Sunday, May 2, 2010

Alive and Kicking

Non point was an excellent way to top off the Spring Semester. I'll admit I'm pretty jealous that the graduating seniors got a speech from the lead singer. It was pretty fantastic.

Last night I got a full idea of the kind of power I have within a group of people. People always told me that my personality is rather striking. (this is me paraphrasing of course) I can light up a room without trying or bring down the mood if I'm not careful and paying attention. I went to this concert alone and met a group of people that were very chill... and more than likely very spiritually lost. It didn't matter I just hung out with them and smiled and was positive. I kept being nice and friendly to the surrounding people around me and it turned out to be a good time. I got two numbers from two guys. Apparently I leave an impression on people. The most amazing thing I felt while in this concert setting was this overwhelming respect I received from the guys that were taking notice in me. They at the most ONLY dreamed of placing their arm around me or getting fresh with me in any regard. I felt like my attitude and confidence set the tone for how they were going to treat me even the way I dressed which was normal and not sexualized. It was a rather beautiful display for me. If God was trying to show me the new me in such a setting He made me blush with a good modesty.

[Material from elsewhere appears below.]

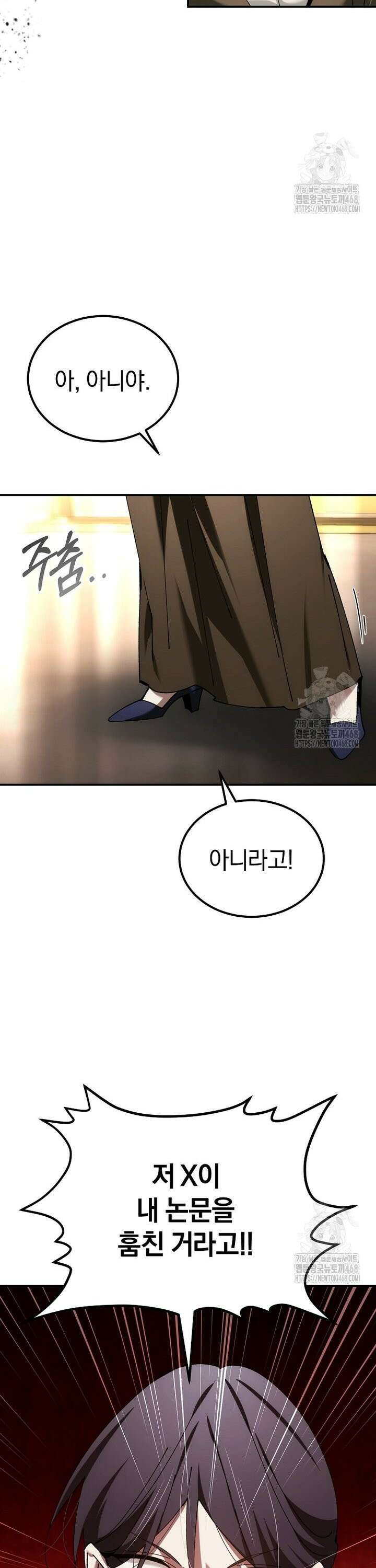 마법학교 앞점멸 천재가 되었다 53화 22
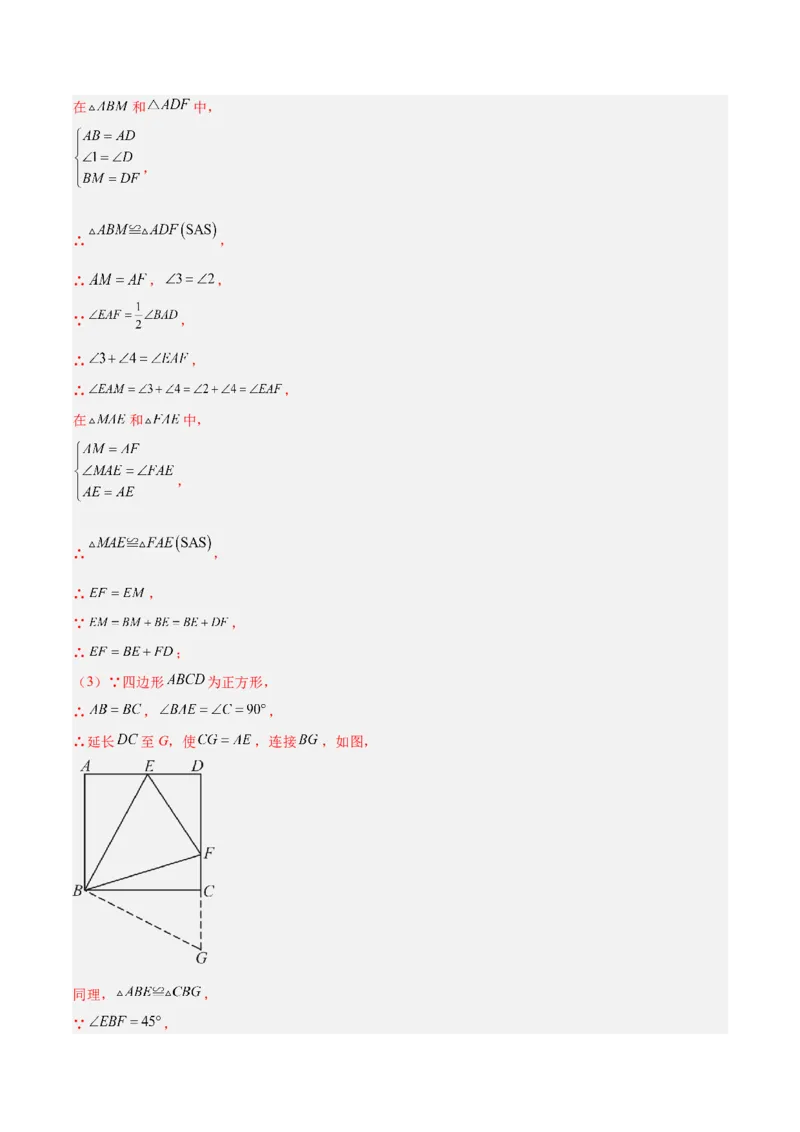 数学（全解全析）_2数学总复习_赠送：2024中考模拟题数学_一模_数学（青岛卷）-2024年中考第一次模拟考试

So I rocked out, had fun, met some very sweet people and I finally get to settle down and just focus on packing for Russia and unpacking in my new permanent home. Russia will be good for me. Living with the Peck's will be good for me. I'm learning to kinda just give everything to God. Including love interests, homework problems, frustrations with people... all of it. I'm learning all to quickly that if I don't let it go now it'll just fester and bite me back in the end. I was told that my mood is very powerful too... and I'm responsible for it since it does affect other people as drastically as it does. Maybe that's what I was putting to work by not creeping off to myself and being the strange lone dog at the show....

Let's see how I do in Russia when I leave this Wednesday...

"What's wrong with me? You wanna know what's wrong with me... I could ask you the EXACT same thing."